Like many fellow amateur musicians I started learning tunes by playing in the rear section of the amorphous pick up band at the outdoor summer contra dance series on the Commons in Ithaca, NY. Migrating to the front of Your Friends and Neighbors, I became comfortable with most of the British Isles and American folk tunes typically played at New England contra dances.

 

In the late 1990's I also joined with fiddler Marty Blodgett to form the four piece Clusterflies, playing Irish and Americana based tunes at dances, socials, weddings, coffee houses, festivals, and the renowned Ithaca Farmers Market.

 

After moving to Newport, RI in 2002, I sought out similar musical social interactions, and found the very welcoming South County old tyme jam session led by Harry Buffam. In a continuation of my old habit , we soon were playing each Saturday morning in the summer under a tree at the Coastal Growers Market at Casey Farm in Saunderstown. After a season or two, one of the few jam members who continued to show up regularly was Steve "Doc" Wood. With his steel resonator guitar, we found we could be easily heard outdoors without amplification.
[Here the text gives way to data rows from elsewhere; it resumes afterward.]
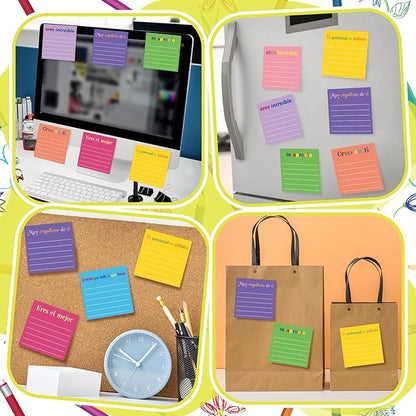 Yinder 24 Pcs Inspirational Sticky Notes Christmas Stocking Stuffers Motivational Sticky Notes Pad Employee Appreciation Gift Bulk for Teacher Nurse Coworker Office 3 x 3'' (Appreciation,Spanish)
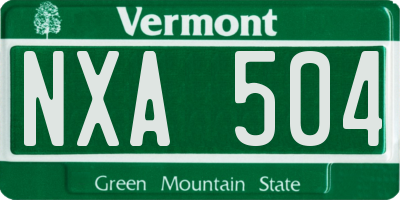 VT license plate NXA504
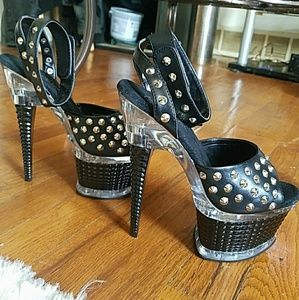 Spiky black stillettos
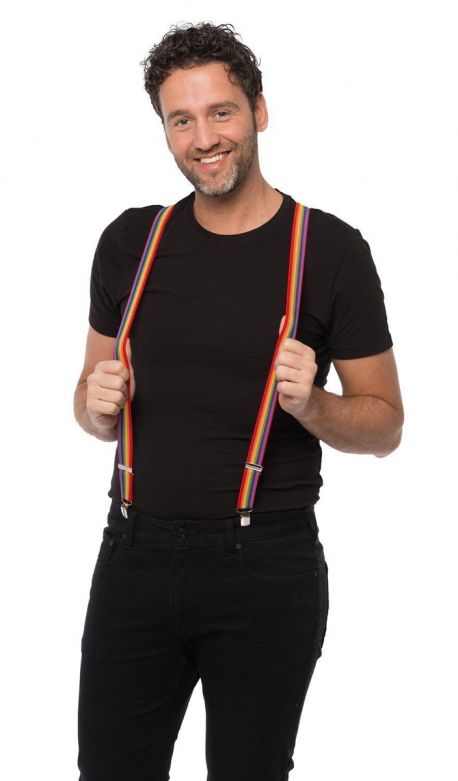 Suspenders Rainbow - Width 2,5 cm - 6 Pack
Thus Farm Dog became the original, de facto house band at the market, until a rotating schedule of bands was instituted in more recent years.

 

After years of dancing and playing accordion, I still could not sing very easily (at least while playing). This irksome situation turned around after receiving a ukulele from a family member at a recent Christmas. This opened up the entire world of songs I had admired for years, and now enjoy playing at open mics in the Newport area.

 

The latest project using both the uke, vocals and accordians is with the Stillhouse Strays, doing alt country, indie, folk, and pop songs.